Trick #1: Federal Loan Consolidation
Consolidating federal loans is a very important decision. Federal Direct Consolidation is not to be taken lightly. For some borrowers, the consolidation process for federal loans is essential. (One example: federal consolidation can actually help some federal loans become eligible for Public Service Student Loan Forgiveness). For others, federal consolidation would be a huge mistake.
Due to the many consequences of federal consolidation, borrowers should carefully investigate the process before using it as a tool to change servicers.
Setting aside the many issues that go with federal student loan consolidation, one of the perks of going through the process is that borrowers get their choice of new servicers. The downside is that they only have four options: Navient, MyFedLoan, Great Lakes, and Nelnet. As borrowers of federal loans, this is the most input we get on who services our loans.
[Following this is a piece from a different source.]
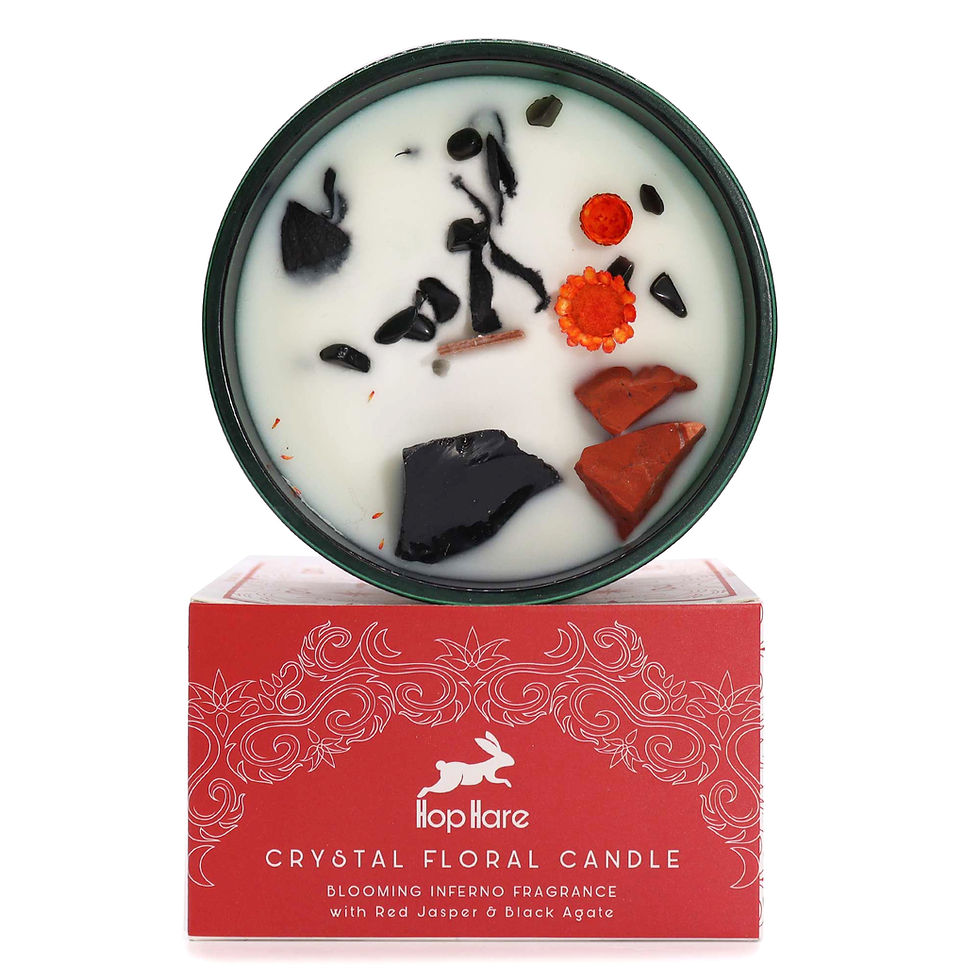 Hop Hare Crystal Magic Flower Candle with Jade gemstone and dried flowers, inspired by The Devil tarot card, featuring Enchan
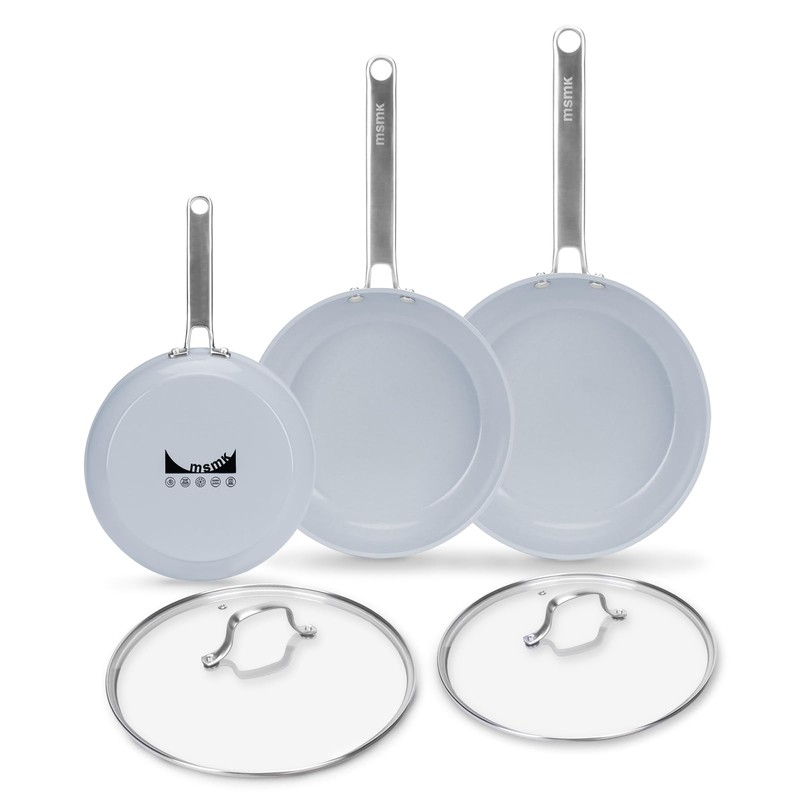 MsMk 5-Piece Ceramic Non Stick Pans Set 8, 10, 12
For borrowers considering federal student loan consolidation, Student Loan Consolidation Guide explanation of the process, the pros and cons, and the various options.
Trick #2: Sign up for Public Service Loan Forgiveness
This option will only apply in a few circumstances, but it could potentially help many borrowers escape their current loan servicer. However, it only works for people who are currently working for the government or a not-for-profit charity.
The way it works is pretty simple: borrowers who certify public service employment authorize the government to transfer loan servicing to MyFedLoan. This is because MyFedLoan services the loans for all people who are working towards Public Service Student Loan Forgiveness.
Even if a borrower doesn’t plan on staying in public service for the required 10 years, there is nothing wrong with certifying past payments. Borrowers who fill out the form and start the review process get their loans transferred.
The only downside: PSLF borrowers must work with MyFedLoan, and MyFedLoan could be a downgrade for many borrowers.
Trick #3: Moving on to the private sector
A final desperate act to get away from federal loan servicing would be to consolidate or refinance with a private company.
Going this route has major consequences far beyond changing servicers. By refinancing in the private sector, borrowers lose all the perks of federal student loans. These perks include income-based repayment, loan deferments, and forgiveness programs.
Most people who go this option do so because they want lower interest rates and are certain that they will not need or qualify for any of the benefits that go with federal loans.
For borrowers thinking about going this route, there are a number of lenders offering refinancing services. It is critical to shop around and talk with the different companies to find the best rate and ensure better customer service.
Making a Change
Uncle Sam does not give any choice in the company that services federal student loans.
The good news is that a few tricks can be employed to give borrowers some say about who they deal with. The options are limited, but for a desperate borrower, it is possible to get away from their current servicer.